3000 € de manque à gagner

Alors que la réduction d’impôt accordée aux souscripteurs de parts était jusqu’alors fixée à 25 % des sommes investies, elle est désormais abaissée à 22 %. Pour un couple marié souhaitant profiter au maximum du dispositif, le manque à gagner atteint 3000 € par an, ce qui peut faire réfléchir plus d’un contribuable. Bien sûr, ce dispositif ne réjouit guère les dirigeants de PME, pour lesquels il constituait une réelle incitation à investir dans le capital de leur entreprise.

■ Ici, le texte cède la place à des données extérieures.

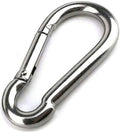 Large Carabiner Clip, 5-1/2 Inch Heavy Duty Stainless Steel Spring Snap Hook by KANSPHY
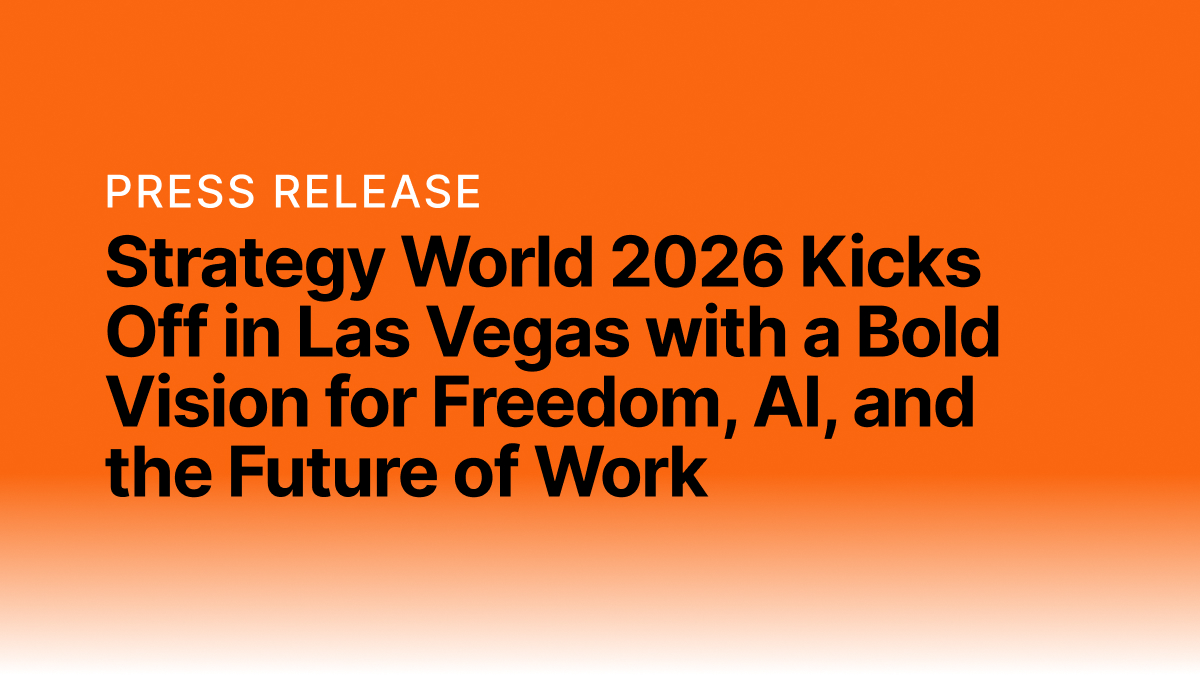Strategy World 2026 Kicks Off in Las Vegas with a Bold Vision for ...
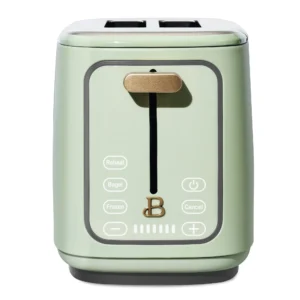 Drew Barrymore Beautiful 4 Slice Toaster with Touch Display – Sage Green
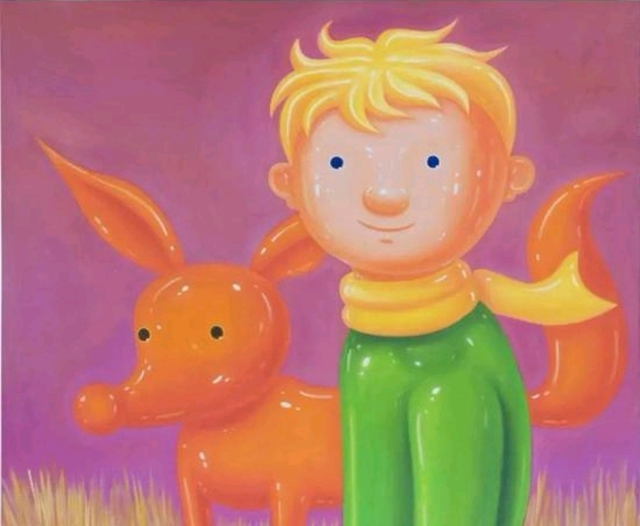Shen Jingdong, ‘The Little Price with Fox’, 2017, Painting, Oil on canvas, Yang Gallery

Désormais, ils devront se montrer plus convaincants pour attirer d’éventuels investisseurs.

Un investissement plafonné à 100 000 €

Pour être éligible, l’entreprise bénéficiaire de la souscription doit employer au moins deux salariés à la date de clôture de son premier exercice (voire une personne pour les entreprises artisanales), et faire moins de 50 millions d’euros de chiffre d’affaires. Le plafond annuel des versements effectués par le souscripteur est de 20 000 € pour une personne seule et de 40 000 € pour un couple marié ou pacsé. Une majoration peut être appliquée, sous certaines conditions (réaliser moins de 10 millions d’euros de chiffre d’affaires, être une entreprise de moins de 5 ans en phase de démarrage ou d’expansion, notamment), portant le plafond maximum respectivement à 50 000 et 100 000 €.

Conserver ses titres 5 ans

La réduction d’impôt accordée au souscripteur est conditionnée à plusieurs critères. Il doit notamment conserver ses titres durant 5 ans, en l’occurrence jusqu’au 31 décembre de la cinquième année suivant leur acquisition. Par ailleurs, l’avantage n’est pas cumulable avec certaines déductions fiscales et réductions d’impôt. Le mieux, pour éviter toute mauvaise surprise, est de se rapprocher de son centre des impôts. On peut également consulter sur le site de l’APCE (Agence pour la création d’entreprise), une fiche pratique bien documentée sur ce sujet.